Clearly you also fantasize about being a singer.

I am a singer. I just don't get the opportunity to show my talent.

Who in your life enjoys your singing the most?

Nobody. I don't care either, because you're going to deal with it. If I ask for a compliment, you better tell me something nice. I could make my guys do my laundry. I can make you mop the floor with your hands. No, all I ask you to do is be my audience.

If you could join any pop artist on stage, who would it be?

Ya know, I like Taylor Swift, but I think she'd try to make me be a background dancer. And I've got moves, but not like that. I'm going with Justin Bieber. Just the fan base that he has -- of all ages. His music is hella catchy. I like his brand. You can't not like him.

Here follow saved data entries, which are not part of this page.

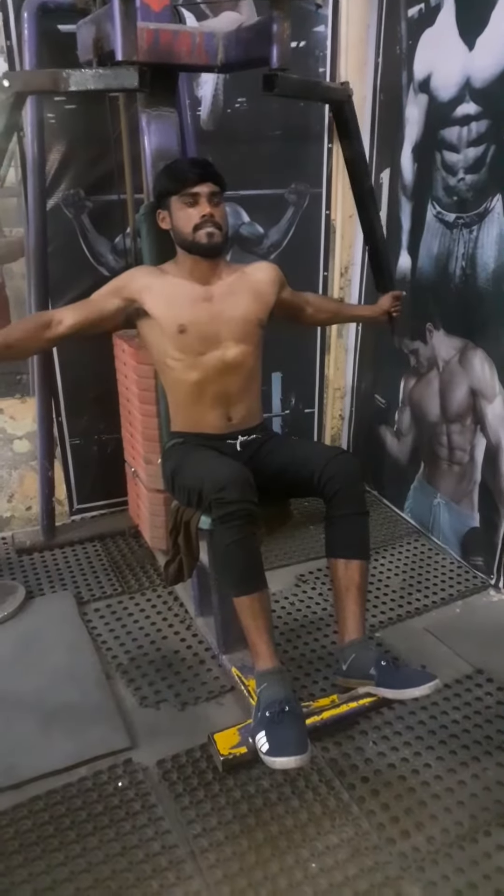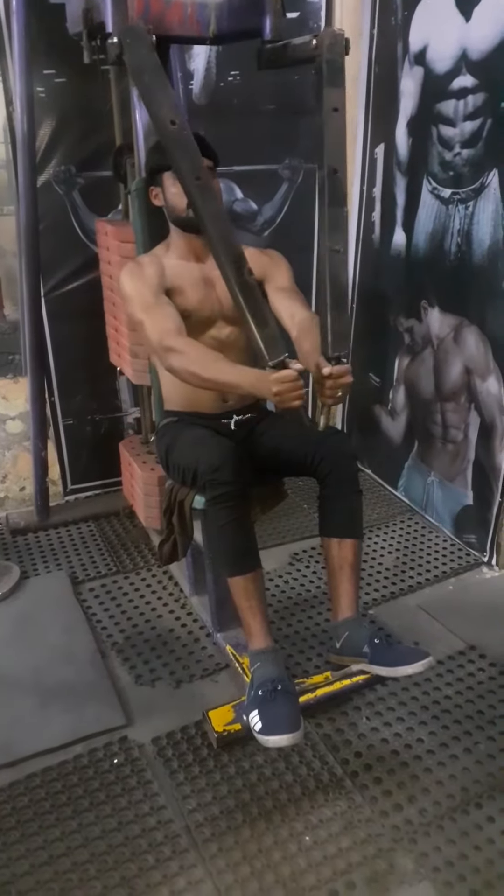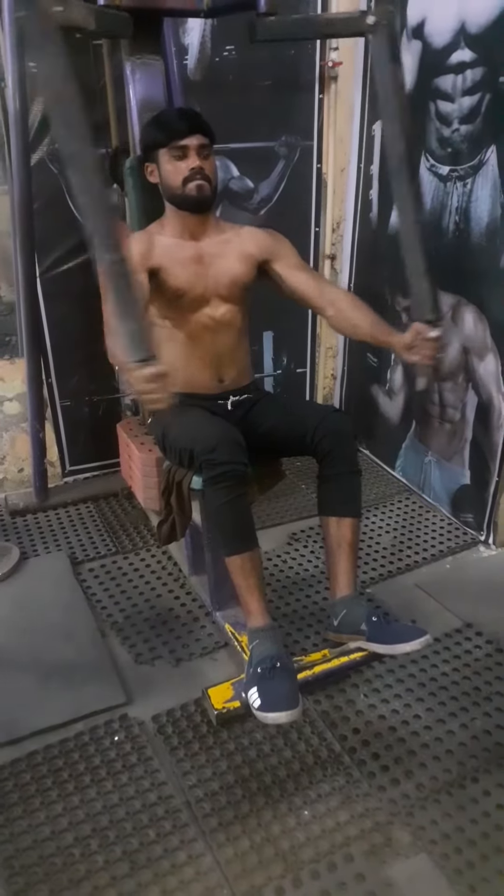Today is our full body workout and gym related video.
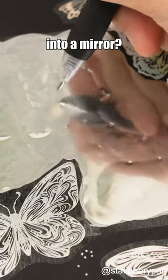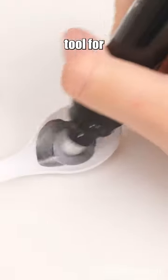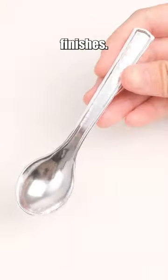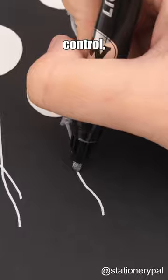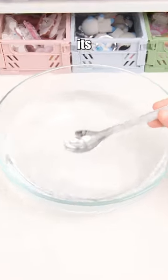Do you believe that I can turn anything into a mirror? Meet Molotow Liquid Chrome Pump Marker — the ultimate tool for reflective, high-gloss finishes. With pump action control, you can easily create fine lines and broad strokes. Plus, its water-resistant ink means your art will last.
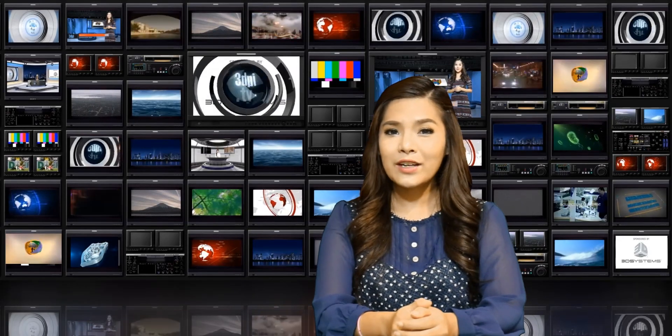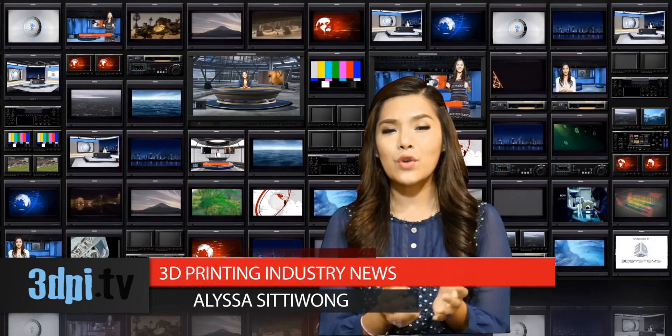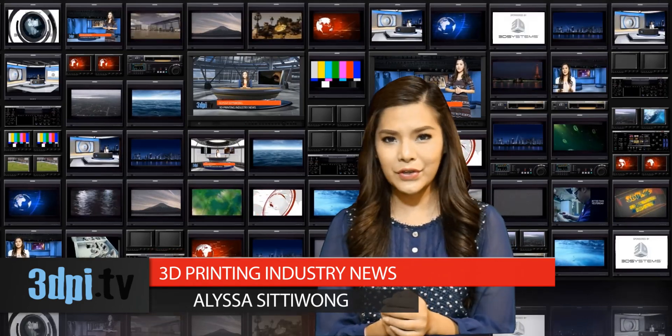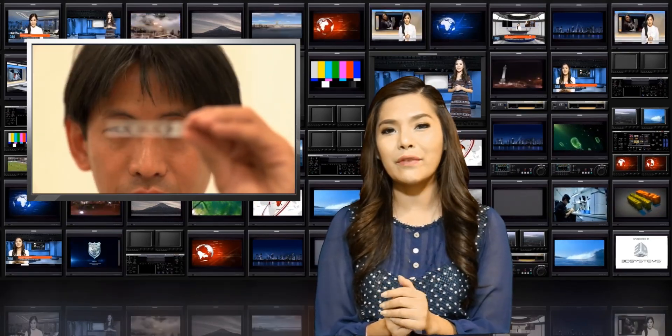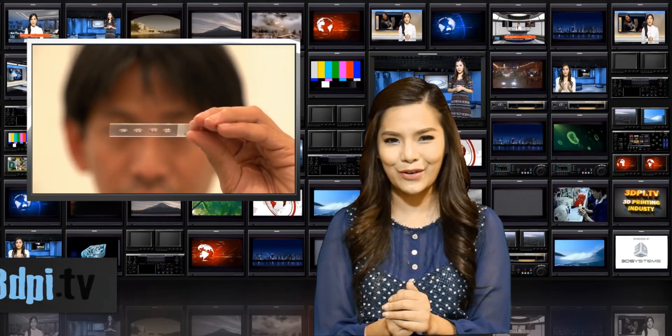Dr. Steve Lee at the Australian National University Research School of Engineering, along with Dr. Tri Phan of Sydney's Garvin Institute of Medical Research, have developed a novel method for fabricating high-powered lenses that can turn your smartphone into a high-resolution microscope.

Jimmy Butler is a Belieber.

You said that.

There are cameras everywhere. We have it on tape.

No, you asked me. I just said that's who I would be on stage with!

You once told "Rolling Stone" that your voice is so beautiful that if Taylor Swift heard it, she'd pull you on stage with her. So T-Swift is on your wish list of collaborators?

Yeah, but my schedule is busy, so I don't know if me and her would ever get a chance to sing together. So much going on in my life.

I don't get the T-Swift backlash.

You're a Swift-liever?

She's talented, she plays instruments, she's pretty. I'll say it: I've got a crush on her.

I think her music is catchy. She killed in country, killing pop. Who knows what's next. I support anybody that wants to be the best, and she's extremely talented, at the top of what she does for sure. That's why I'm a fan.

Well, tonight is your chance to show T-Swift what you got. What will you sing for us?

I'm going to sing August Alsina's "Nobody Knows."

Baby-making music.

I don't think this one is a baby-making song. And I'm not trying to have no babies no time soon. I just want to sing.

If I told you I'm down to sing a duet with you, what's the song?

"H.O.L.Y." by Florida Georgia Line. Country. And you have no choice. I'm the lead. I'm the boss.

What's it about?

Loving. "H.O.L.Y." is actually an acronym for "high on loving you."

Because that's what I think of when I think of Jimmy Butler. Any tips on singing country, on feeling the country?

You just got to speak from your heart. You can't go up there and think that it's about you, because it's not. It's about me.

It's not about the audience?

It's about me. Don't be high on loving me, though. Be high on loving somebody else. But just make me look good. Not you. Make me look good.

I get the feeling being in a band with you would suck.

And I'd want my own bus. You can connect your car to the back of my bus if you want to.